■ WHAT THE EXERCISE ASKS: Quote the data exactly, first line to the line containing "Vivienne westwood women’s", with no pictures.

--- --- ---

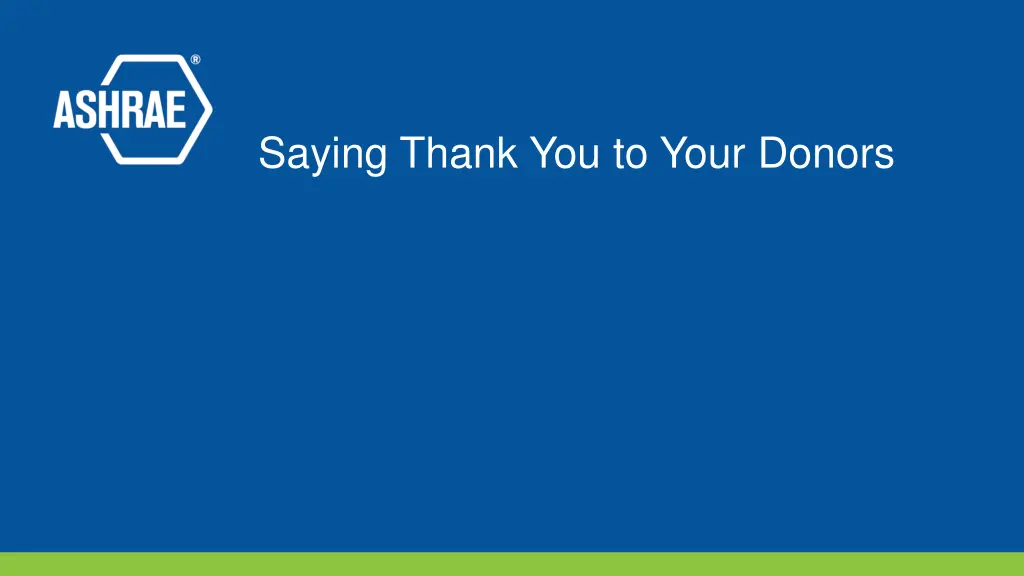 saying thank you to your donors n.w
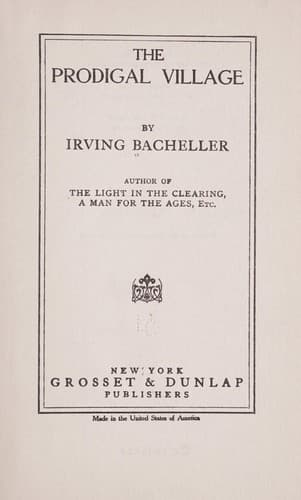 Tapa de The prodigal village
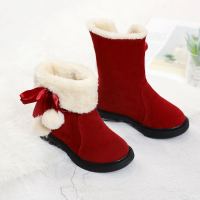 女童雪地靴公主雪地靴冬季棉鞋新款东北雪地靴加厚防滑一脚蹬棉鞋 酒红色A88 26码内长16cm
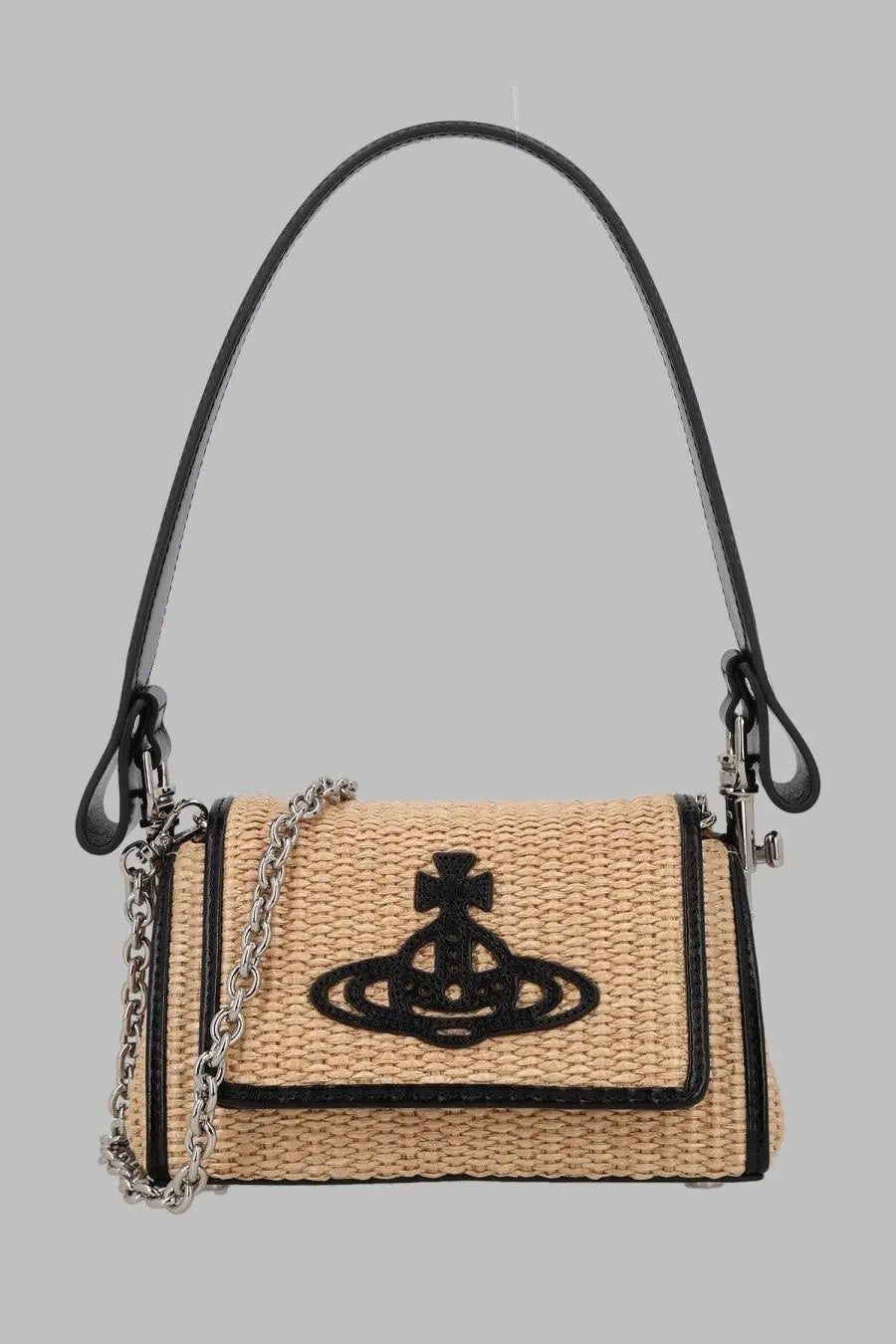Vivienne westwood women’s borsa hazel small con pink beige woven straw handbag with black leather trim and silver chain strap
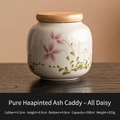 Miniature ceramic tea jar with hand-painted daisy pattern and airtight wooden lid - Hand Painted Straw Ash - Daisy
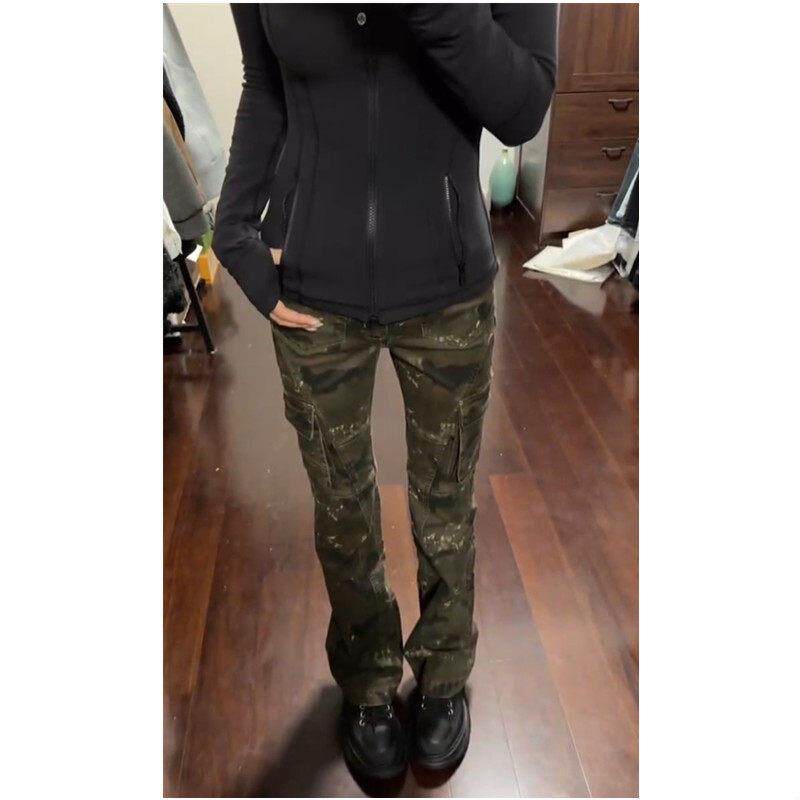 美式复古低腰迷彩微喇牛仔裤女春秋季修身弹力高个子加长工装裤子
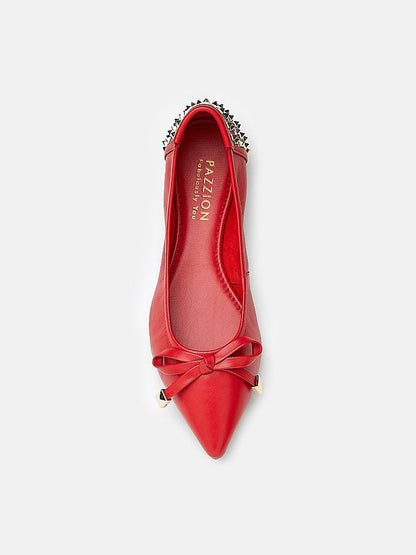 PAZZION, Karmahn Embellished Spikes Point-Toe Flats, Red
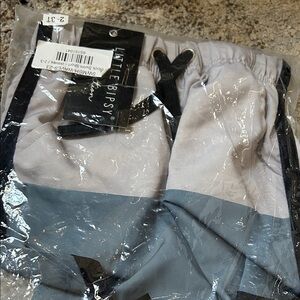 Little Bipsy Two-Tone Shorts in Gray and Blue swimsuit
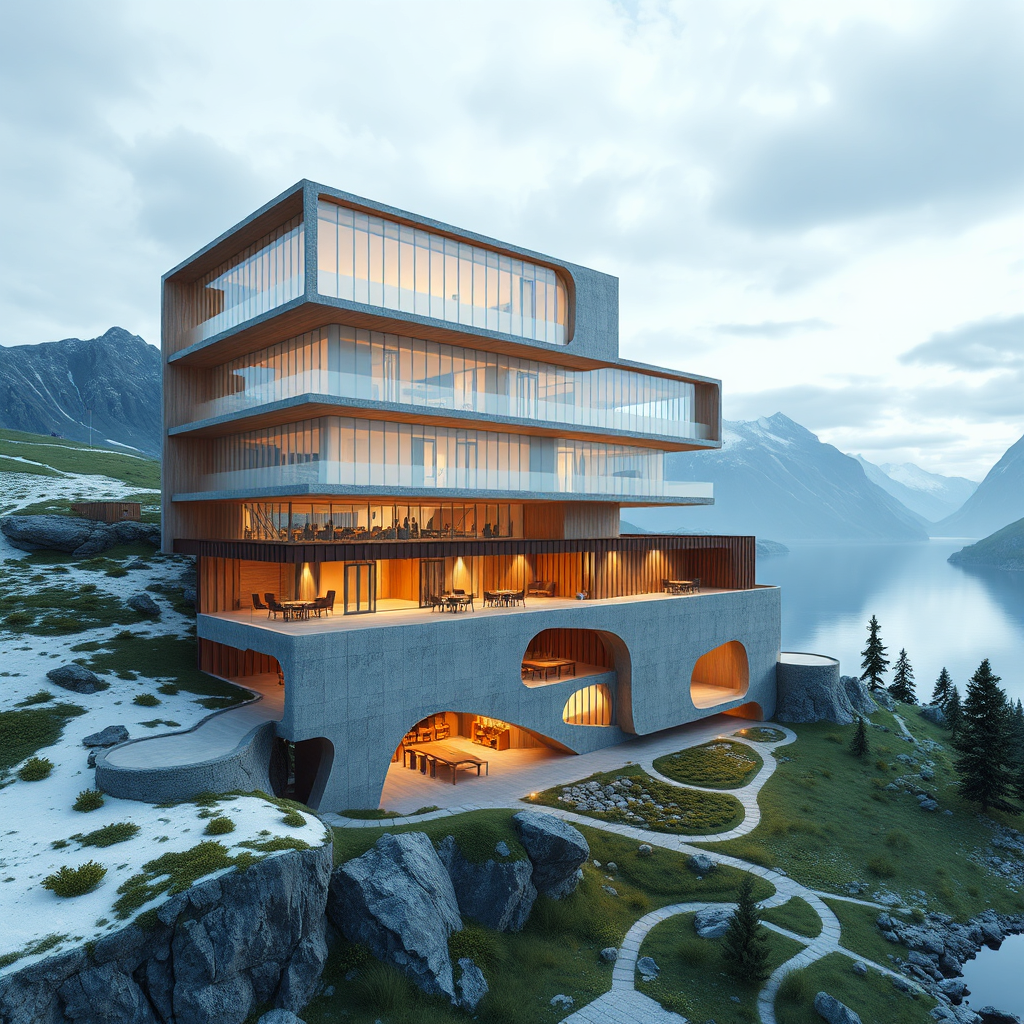 Kvænnes Peace Center concept rendering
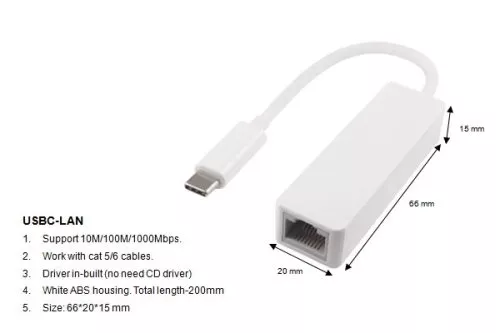Adapter USB C plug / RJ45 Gbit LAN, 10/100/1000 Mbps with auto detection, white, DINIC polybag, length 0.20m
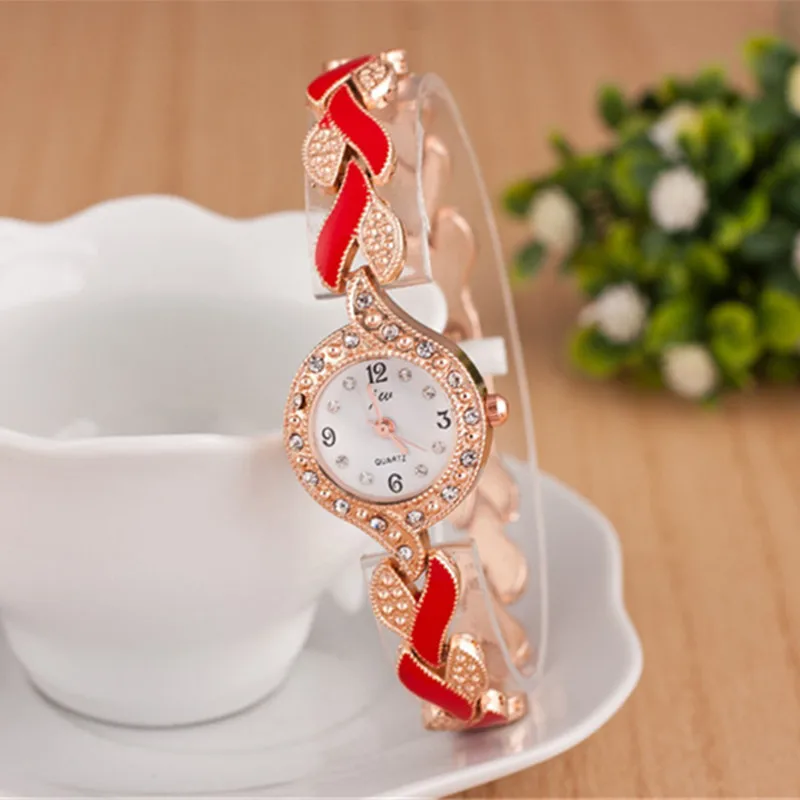 Бренд JW часы с браслетом женские роскошные часы с кристаллами женские модные повседневные кварцевые часы reloj mujer - Цвет: Красный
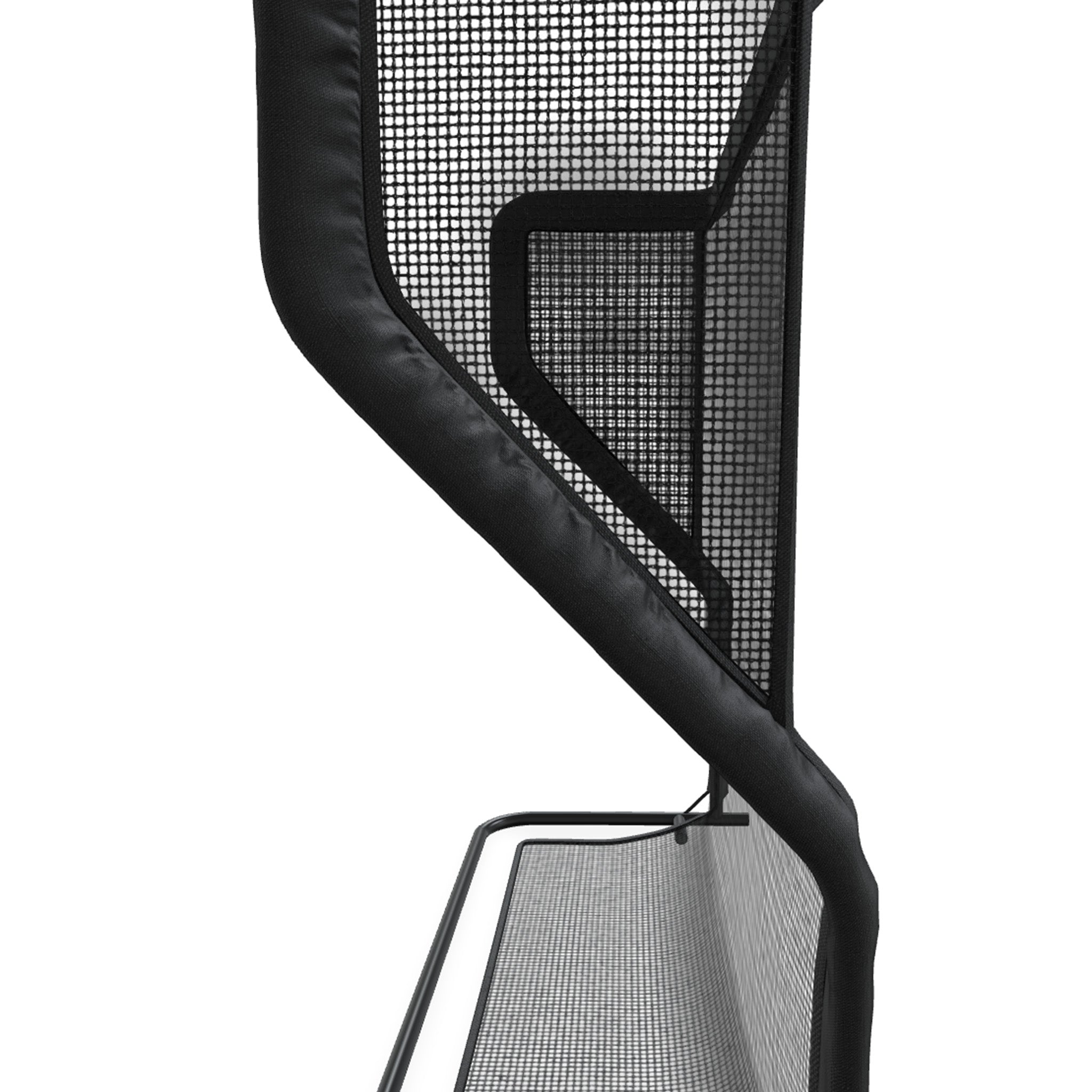 Side view of a black mesh chair with a curved frame and ergonomic back support.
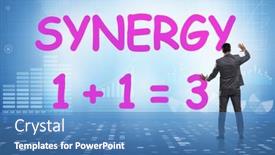  Presentation with synergy - Presentation theme with businessman-in-synergy-business-concept background and a teal colored foreground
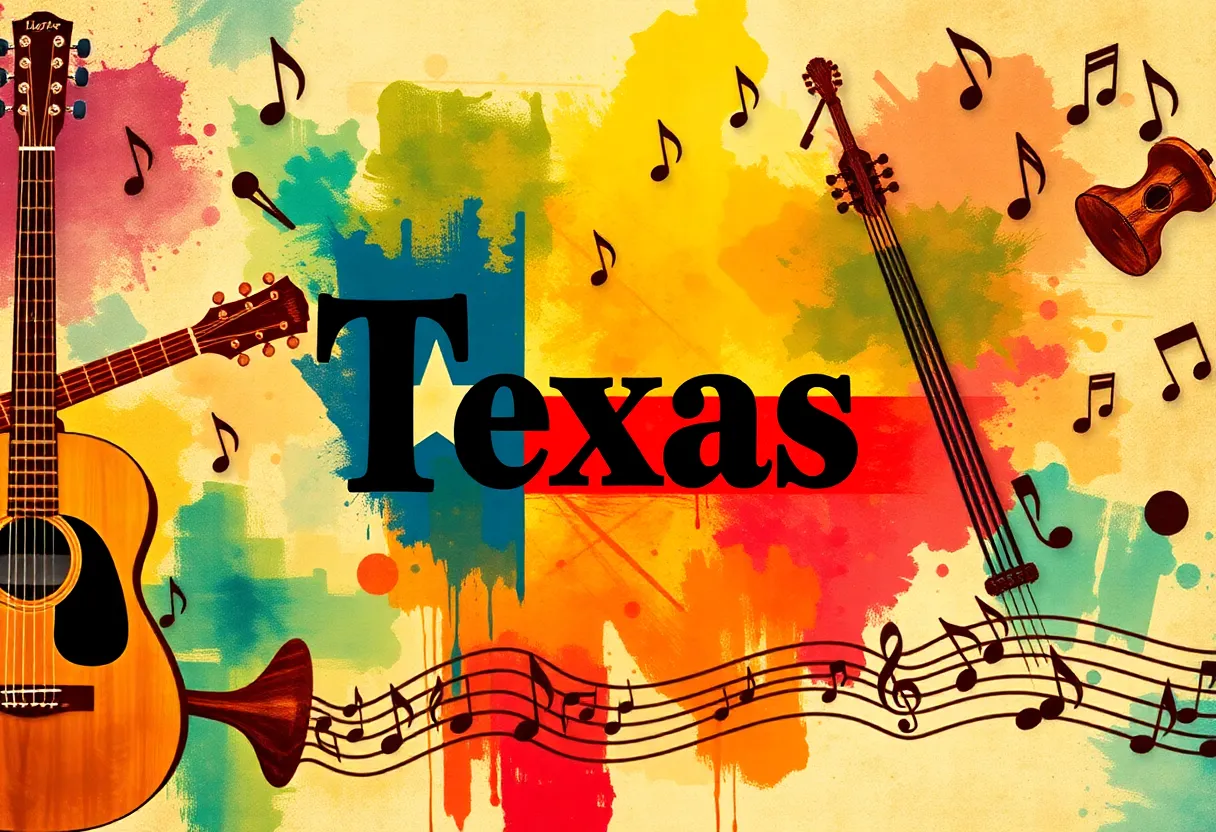 Artwork depicting the Texas Sounds digital music series with musical elements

--- --- ---

■ REPLY TO THE EXERCISE:
 saying thank you to your donors n.w
 Tapa de The prodigal village
 女童雪地靴公主雪地靴冬季棉鞋新款东北雪地靴加厚防滑一脚蹬棉鞋 酒红色A88 26码内长16cm
Vivienne westwood women’s borsa hazel small con pink beige woven straw handbag with black leather trim and silver chain strap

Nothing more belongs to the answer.